Todo comenzó hace cuatro mil millones de años, cuando las primeras lluvias torrenciales depositaron agua en depresiones de la corteza terrestre, formando los primeros mares (los océanos tienen unos 3,8 millones de años), que ciertamente no eran como los actuales. Según el Servicio Nacional Oceánico, por ejemplo, los primeros mares eran solo ligeramente salados, y la concentración aumentó con el tiempo. Mil millones de años después, el fenómeno se intensificó, y así llegamos a la respuesta a la pregunta inicial: el agua de mar es salada porque el agua de lluvia disuelve las sales de las rocas y las arrastra al mar. Igual que nosotros, para continuar con la metáfora culinaria, echamos sal al agua de la pasta después de cocinarla.

Pero no todos los mares son igualmente salados. En primer lugar, la concentración de sal aumenta con el aumento de la temperatura. Esto tiene una explicación científica sencilla: temperaturas más altas se traducen en una mayor evaporación del agua y, por lo tanto, en un aumento de la salinidad. También hay mares, como el Mar Muerto, donde los niveles de sal pueden ser hasta diez veces superiores a lo normal, con picos de alrededor del 35 %, y donde la densidad es tan alta que no es necesario nadar para mantenerse a flote, ya que cuanto más densa es el agua, más flotabilidad tiene. Incluso nuestro mar Mediterráneo tiene una salinidad relativamente superior a la media mundial (38 gramos de sal por litro de agua de mar): esto se debe a que es una cuenca casi cerrada, con poco intercambio con las aguas oceánicas menos saladas.

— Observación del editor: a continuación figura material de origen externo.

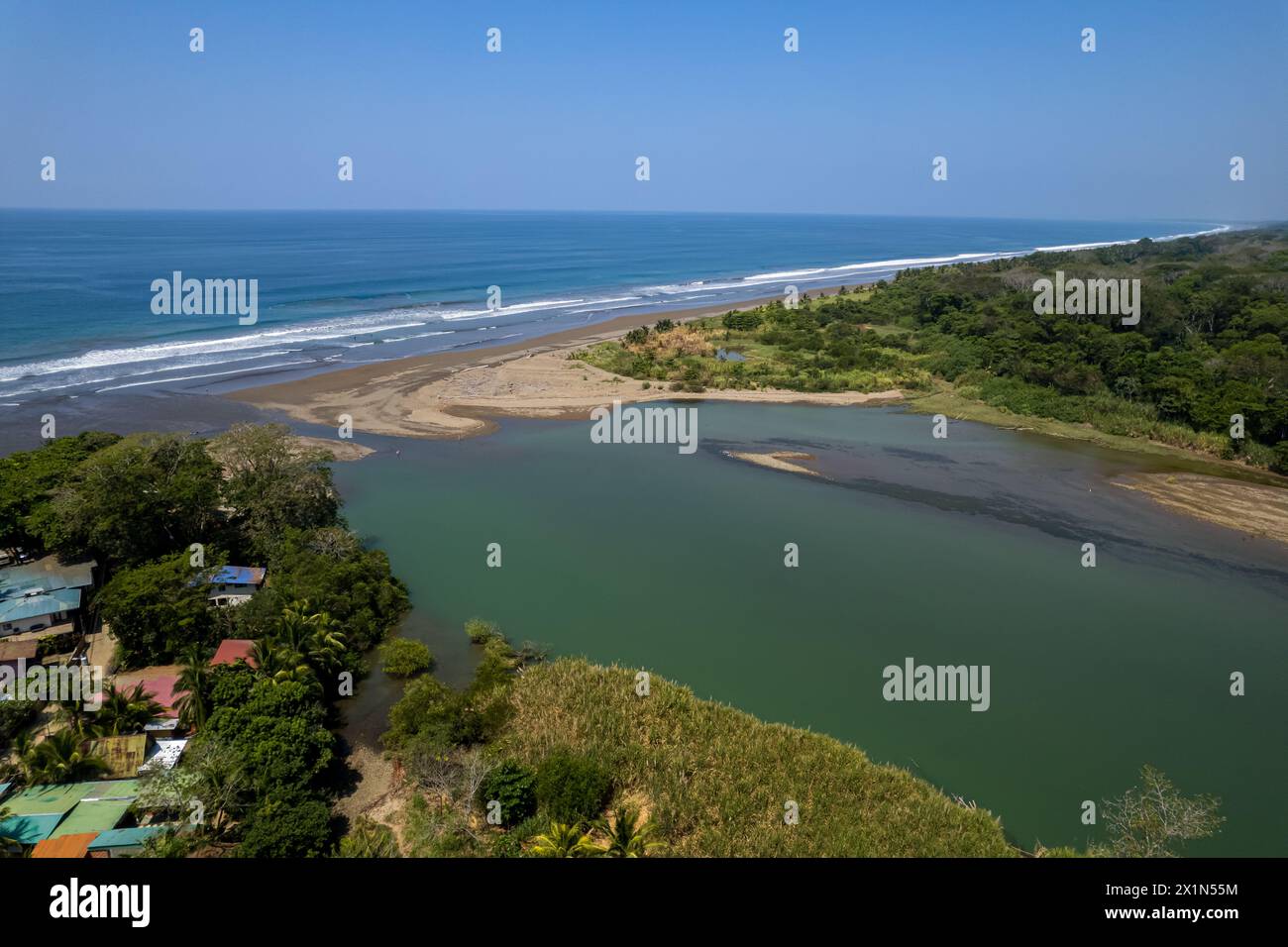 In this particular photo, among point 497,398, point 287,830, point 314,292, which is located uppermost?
point 314,292

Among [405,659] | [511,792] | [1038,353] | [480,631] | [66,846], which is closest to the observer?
[66,846]

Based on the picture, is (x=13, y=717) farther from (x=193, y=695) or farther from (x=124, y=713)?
(x=193, y=695)

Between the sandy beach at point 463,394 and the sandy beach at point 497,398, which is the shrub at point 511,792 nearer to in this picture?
the sandy beach at point 497,398

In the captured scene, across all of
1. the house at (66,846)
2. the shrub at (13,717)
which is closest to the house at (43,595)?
the shrub at (13,717)

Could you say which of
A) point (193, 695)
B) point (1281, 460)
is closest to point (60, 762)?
point (193, 695)

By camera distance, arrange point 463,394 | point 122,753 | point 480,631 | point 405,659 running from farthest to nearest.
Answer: point 463,394 → point 480,631 → point 405,659 → point 122,753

En cuanto al origen del agua en la Tierra, actualmente solo existen teorías más o menos fundamentadas sobre cómo el agua pudo acumularse en la superficie terrestre durante los últimos 4,6 millones de años en cantidades suficientes para formar los océanos (que, según la mayoría de los expertos, tienen aproximadamente 3,8 millones de años). En resumen, el agua podría tener dos tipos de origen: interplanetario y extraplanetario. En el primer caso, el agua es el resultado del enfriamiento progresivo del planeta, lo que dio lugar a la condensación de gases y a la creación de la primera lluvia; en el segundo, habría sido el impacto de uno o más meteoritos con agua. Ambas hipótesis probablemente contienen algo de verdad científica.

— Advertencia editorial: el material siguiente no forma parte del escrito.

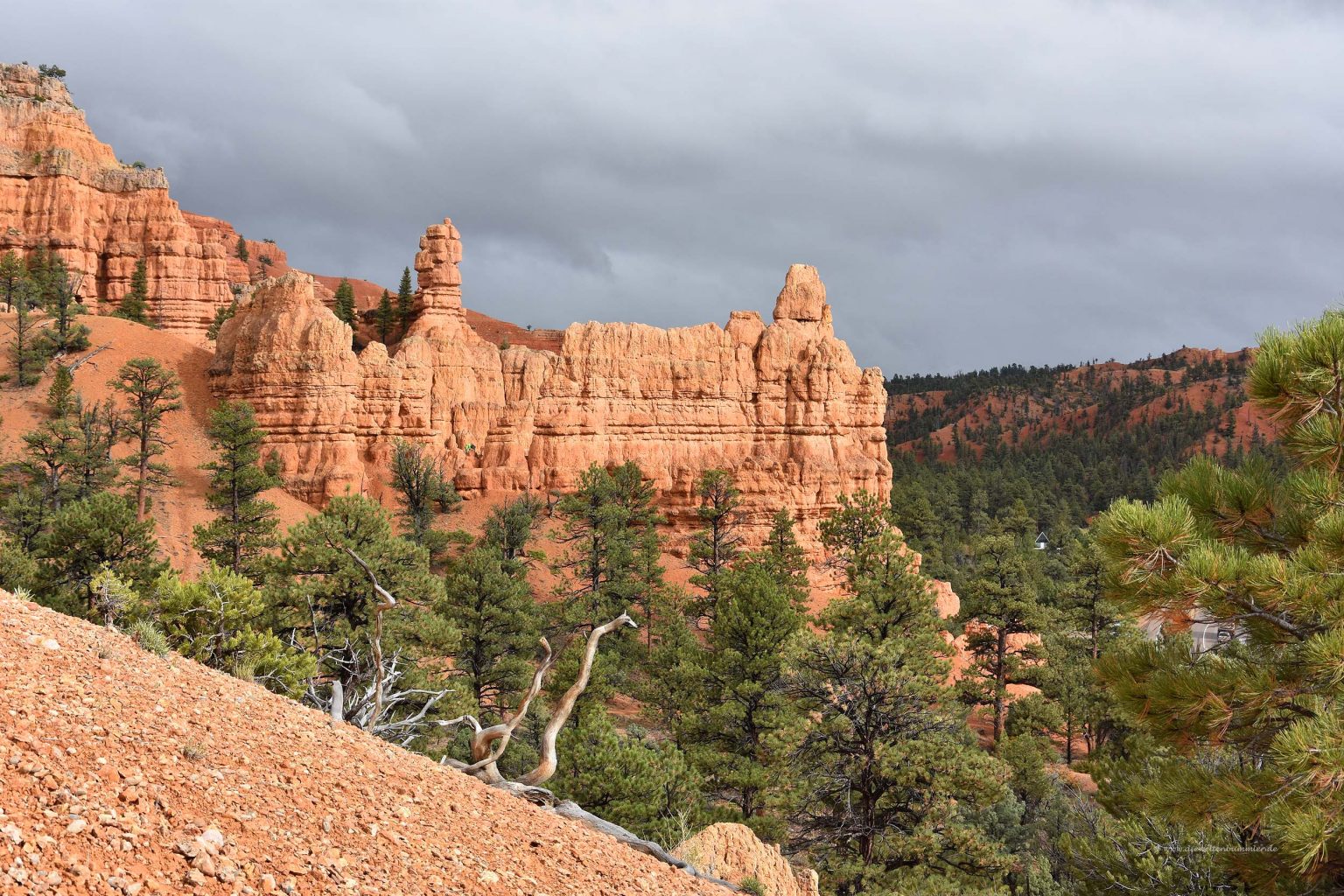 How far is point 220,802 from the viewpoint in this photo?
7035mm

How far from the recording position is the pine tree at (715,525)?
150ft

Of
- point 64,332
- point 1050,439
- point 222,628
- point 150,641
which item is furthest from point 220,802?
point 1050,439

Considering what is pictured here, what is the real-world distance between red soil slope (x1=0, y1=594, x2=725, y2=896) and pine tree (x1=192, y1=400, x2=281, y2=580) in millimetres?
24539

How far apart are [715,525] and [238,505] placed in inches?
845

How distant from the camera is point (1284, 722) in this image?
368 inches

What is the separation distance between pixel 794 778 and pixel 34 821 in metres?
15.9

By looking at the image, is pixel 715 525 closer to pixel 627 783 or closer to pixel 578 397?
pixel 578 397

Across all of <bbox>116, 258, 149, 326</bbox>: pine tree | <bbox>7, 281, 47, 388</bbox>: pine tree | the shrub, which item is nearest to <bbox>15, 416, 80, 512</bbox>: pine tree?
<bbox>7, 281, 47, 388</bbox>: pine tree

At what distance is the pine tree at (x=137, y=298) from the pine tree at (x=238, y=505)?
1234 inches

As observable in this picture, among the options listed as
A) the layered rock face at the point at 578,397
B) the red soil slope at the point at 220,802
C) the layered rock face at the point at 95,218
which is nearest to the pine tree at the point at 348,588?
the red soil slope at the point at 220,802

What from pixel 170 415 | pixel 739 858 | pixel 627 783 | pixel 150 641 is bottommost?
pixel 627 783

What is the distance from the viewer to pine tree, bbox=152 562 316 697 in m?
18.2

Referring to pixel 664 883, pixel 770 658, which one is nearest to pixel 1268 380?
pixel 664 883

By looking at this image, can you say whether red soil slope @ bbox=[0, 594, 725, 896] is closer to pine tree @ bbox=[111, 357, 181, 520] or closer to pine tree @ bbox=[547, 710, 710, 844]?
pine tree @ bbox=[547, 710, 710, 844]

Finalmente, una curiosidad: aunque el agua de mar es tan salada como la de cocinar pasta, no podemos beberla. De hecho, nuestro cuerpo mantiene la salinidad de la sangre en torno al 0,9 %. Beber agua cuatro veces más salada que la del cuerpo humano alteraría su equilibrio hidrosalino y el funcionamiento de sus órganos. En el Mar Muerto, la densidad del agua es tan alta que ni siquiera es necesario nadar para flotar. Se puede leer el periódico o tomar una bebida como si se estuviera en una tumbona.